Population initialization

The LHD is employed to generate an initial distinct continuous-based population as it is capable of producing more efficiently scatter points across the solution space (Sallam et al., 2017).

$$\begin{aligned}&x_{l,k}=x_{k}^{min}+(x_{k}^{max}-x_{k}^{min})\times lhd(1,NP) \nonumber \\&\forall {l}=\{1,2,\ldots ,NP\}, \forall {k}=\{1,2,\ldots ,D(=n\times m)\} \end{aligned}$$
(9)

lhd in Eq. 9 is a function of the LHD to produce random real numbers.

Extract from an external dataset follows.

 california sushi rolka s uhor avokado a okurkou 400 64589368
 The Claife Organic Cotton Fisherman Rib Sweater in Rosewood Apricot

Solution representation, encoding and decoding schemes

Solution representation has a significant impact on designing algorithms and achieving the highest degree of performance (Cheng et al., 2016). Ponnambalam et al. (2001) compared among several solution representations (e.g. operation-based representation, job-based representation, preference-based representation, and priority rule-based representation) and concluded that the preference-based representation provides the best solution quality, which is therefore implemented in this study. An example of \(n \times m\) JSSP is considered to illustrate the representation, where a string consists of m sub-strings, each for one machine. Each sub-string length is n, and each number in a sub-string identifies an operation that has to be processed on the relevant machine. The sub-string only prescribed the preference list of the corresponding machine, not the actual operation sequence.

Fig. 1
figure 1

The mapping of the algorithm from continuous to discrete

To illustrate the preference-based representation with encoding, a random string is [(0.92, 0.75, 0.25), (0.75, 0.82, 0.53), (0.44, 0.62, 0.55)], where each string consists of \(m=3\) sub-string of dimension \(1\times n\) (\(n=3\)), as depicted in Fig. 1. The values in each sub-string are real numbers generated at random in interval [0,1]. These real numbers are then transformed into an integer series based on ranked-order-value (ROV) (Zhao et al., 2018), which results in integer string [(1, 2, 3), (2, 1, 3), (2, 3, 1)] known as the preference list. The first sub-string (1, 2, 3) is the preference sequence of machine \(M_{1}\), the second sub-string (2, 1, 3) is for machine \(M_{2}\), and the third sub-string (2, 3, 1) is for machine \(M_{3}\). An active schedule, where no operation can be drawn into without delaying any other operations (Ahmadian et al., 2021), is deduced from this preference list. This schedule can only provide the optimal and feasible solution (Pongchairerks, 2019). Therefore, the most popular algorithm, known as G&T (Giffler & Thompson, 1960), is employed to decode a preference list of jobs to an active schedule. The Algorithm 3 explains the procedure and the corresponding notations are as follows:

(ij): the operation of job j that need to be processed on machine i,

S: the partial schedule that contains scheduled operations,

\(\text{\O}mega \): the set of operations without predecessors,

\(S_{ij}\): the earliest start time at which \((i,j)\in \text{\O}mega \) could be started,

\(P_{ij}\): the processing time of (ij),

\(C_{ij}\): the earliest time at which \((i,j)\in \text{\O}mega \) could be completed:\(C_{ij}\) = \(S_{ij}+P_{ij}\)

figure c

The decoding algorithm is applied on the exemplified preference list with the JSSP data set of Table 1, and thus an active schedule with makespan 22 is achieved, as depicted in Fig. 2i (each step is explained from Fig. 2a–i).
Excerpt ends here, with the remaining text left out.